The statue of Saint Patrick by James Pearse in the tympanum above the main doors of Saint Patrick’s Church (Photograph: Patrick Comerford, 2024)
The first church was built on the site in 1815, the year of the Battle of Waterloo, and it was the second Catholic church built in Belfast since the Reformation.
The first Roman Catholic church in Belfast was Saint Mary’s, Chapel Lane, which opened in May 1784. But with the growth of the Catholic population in Belfast in the early 19th century, Bishop William Crolly, then a priest in residence in the small town, decided to build a new church on Donegall Street.
This church, dedicated to Saint Patrick, opened in 1815. Its construction was made possible – in part – by the contribution of Belfast’s educated Protestants and civic elite. The presbytery was built as residence for the Catholic bishop and his clergy, and is Belfast’s oldest, continuously-inhabited house.
The society painter Sir John Lavery was baptised in the earlier Saint Patrick’s Church on 26 March 1856.
Inside Saint Patrick’s Church, facing the sanctuary and the east end (Photograph: Patrick Comerford, 2024)
In the post-famine era Belfast’s Catholic population had swollen considerably and, while other churches and new parishes were developed, it was clear by the early 1870s that Saint Patrick’s needed a new, larger church.
The present Saint Patrick’s Church, the second on the site, was designed in the Gothic Revival style by Timothy Hevey (1846-1878) and Mortimer Thomspon. It is said the church was built ‘by the pennies of the poor’.
Timothy Hevey was a son of Timothy Hevey, a Belfast builder, and Martha Alexandra Hevey (née McNeice). He was educated at Saint Malachy’s College, Belfast, and became an apprentice in the firm of Boyd and Batt. He moved to Dublin in 1865 and became an assistant in the office of Pugin and Ashlin.
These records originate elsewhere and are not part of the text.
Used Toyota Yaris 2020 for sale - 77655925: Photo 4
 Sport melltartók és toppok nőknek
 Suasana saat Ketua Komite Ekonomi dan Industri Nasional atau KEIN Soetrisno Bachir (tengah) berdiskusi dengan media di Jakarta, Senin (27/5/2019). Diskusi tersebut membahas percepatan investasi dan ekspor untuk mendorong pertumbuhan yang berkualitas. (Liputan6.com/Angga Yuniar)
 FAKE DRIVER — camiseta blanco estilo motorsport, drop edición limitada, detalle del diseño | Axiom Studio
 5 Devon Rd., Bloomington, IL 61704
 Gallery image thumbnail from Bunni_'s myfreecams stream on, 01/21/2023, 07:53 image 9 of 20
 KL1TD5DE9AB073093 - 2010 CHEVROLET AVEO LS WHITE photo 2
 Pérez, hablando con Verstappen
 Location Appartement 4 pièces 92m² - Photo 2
There he was involved in draughting the plans for the Church of Saint Augustine and Saint John, known popularly as John’s Lane Church, the Augustinian church on Thomas Street, Dublin. John Ruskin (1818-1900), the writer, critic, artist and philosopher who is intimately associated with the Gothic Revival movement on these islands, called the church ‘a poem in stone.
Hevey married Florence Eugenie Geret in Saint Peter’s Church (Church of Ireland), Aungier Street, Dublin, on 7 March 1868. He returned to Belfast in April 1869, and worked as a builder and architect in partnership first with James Mackinnon and later with Mortimer H Thomson. He became the city’s leading Catholic architect, enjoying the patronage of Patrick Dorrian, Bishop of Down and Connor, and James McDevitt, Bishop of Raphoe, in Co Donegal.
Hevey’s career was cut short abruptly the following year when he died at the age of 33 on 29 December 1878 following a severe cold caught on a business trip to Newry.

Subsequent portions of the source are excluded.